- Born: Jeffrey Dodds December 1973 (age 52)
- Occupation: Chief Executive Officer
- Years active: 1998-present
- Employer: Formula E
- Spouse: Mary
- Children: 2

= Jeff Dodds =

British businessman and Chief Executive Officer of Formula E

Jeffrey Dodds (born December 1973) is a British business executive and the current Chief Executive Officer of Formula E. He took over the role in June 2023, having previously worked as the Chief Operating Officer for Virgin Media O2 from May 2017.

== Early life and education ==
Dodds was born in 1973 in Kent and went to school at the Oakwood Park Grammar School in Maidstone. Dodds' father was a firefighter and his mother was a nurse.
==Career==
Prior to his work with Formula E, Dodds has held roles with organisations including Honda, Callaway Golf Europe, Virgin Media, and Tele2.

=== Formula E ===
In May 2023, Dodds was appointed Chief Executive Officer of Formula E.

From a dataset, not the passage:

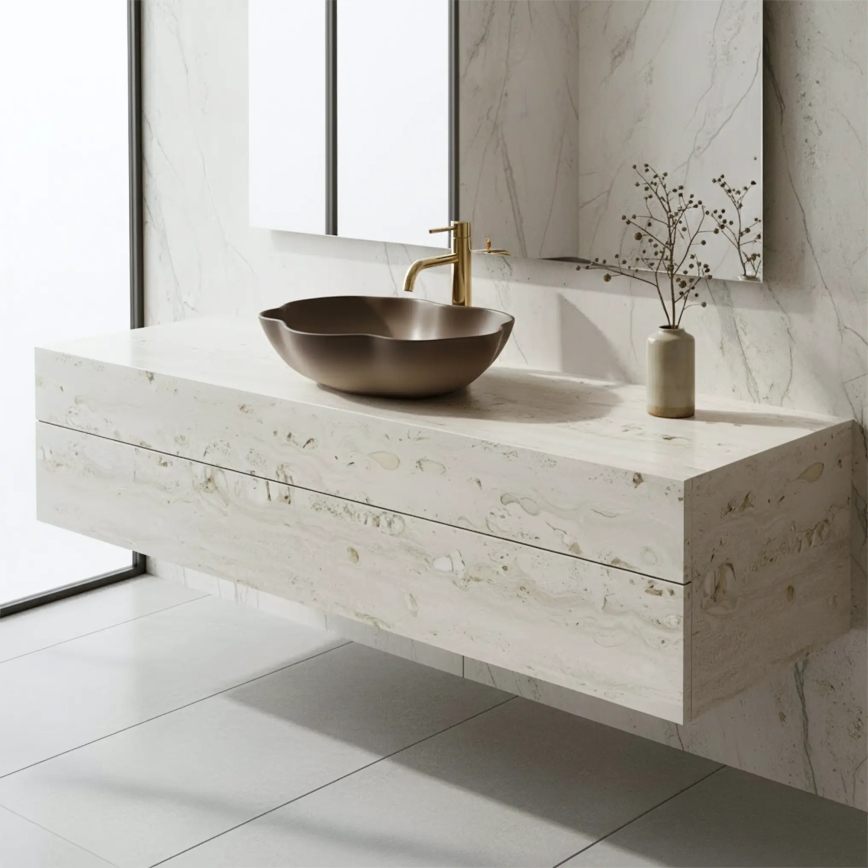 REA-U0629 - PEARL Countertop Basin 38 x 50.5 cm, Ceramic/Brown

Dodds stated that increasing media deals would be a key priority under his leadership.

In December 2024, Dodds announced Formula E would be donating $250,000 to charity after Max Verstappen won the Formula One title. The money was split between the Red Bull Wings for Life organisation for spinal cord research and another charity dedicated to raising opportunities for women in motorsport.

=== Other work ===
Dodds has been a board member of disability advocacy organisation, The Valuable 500, since its inception. He is currently the Chair, having taken up the position in 2023.

== Personal life ==
Dodds lives in Berkshire with his wife Mary and the couple has two children. Away from work, Dodds' interests include golf, driving, shooting and cooking.

Dodds has said he has been a Formula One fan all his life.